Mais grave ainda é o problema do milho. Não há armazenamento de milho na Madeira, e este constitui a base alimentar da sua população. Cada remessa que chega, em navio vindo de África, espera no molhe do porto, coberta por oleados, quando chove, que os grossistas a levantem, obrigatoriamente, a pronto pagamento.
Há vinte firmas importadoras. Não há um sistema de crédito organizado que proteja e caucione esta actividade e a sua limitada capacidade em capitais.
Cada remessa é por vezes totalmente consumida antes da chegada de novo carregamento, e, ao atracar novo navio vindo de África, cada firma importadora deve ter realizado o capital necessário para o seu contingente. E cada dia a mais sobre o molhe corresponde a encargos portuários.
Não há, portanto, habitualmente, nem reservas de milho, nem local de armazenamento para efectuá-las.
Ora o trigo e o milho constituem a alimentação basilar das camadas populares do distrito, de tal modo que uma interrupção ou atraso das suas ligações marítimas, isto é, do seu abastecimento de cereais feito por mar, redundaria em catástrofe, dadas as condições insulares desta região.

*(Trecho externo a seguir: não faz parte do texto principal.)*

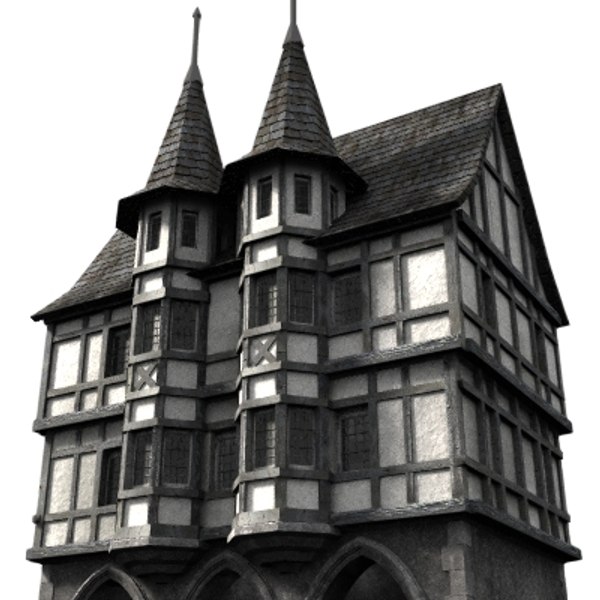 3d medieval townbuilding model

Por isso, a construção de silos tem constituído preocupação constante dos dirigentes da Madeira e dos que têm planificado e previsto os seus meios militares de defesa.
A instabilidade da situação internacional torna premente a organização de reservas de cereais para alguns meses, como há muito se impõe.
Até aqui, e sobretudo durante a segunda guerra mundial, a perfeita coordenação dos serviços da Junta Nacional.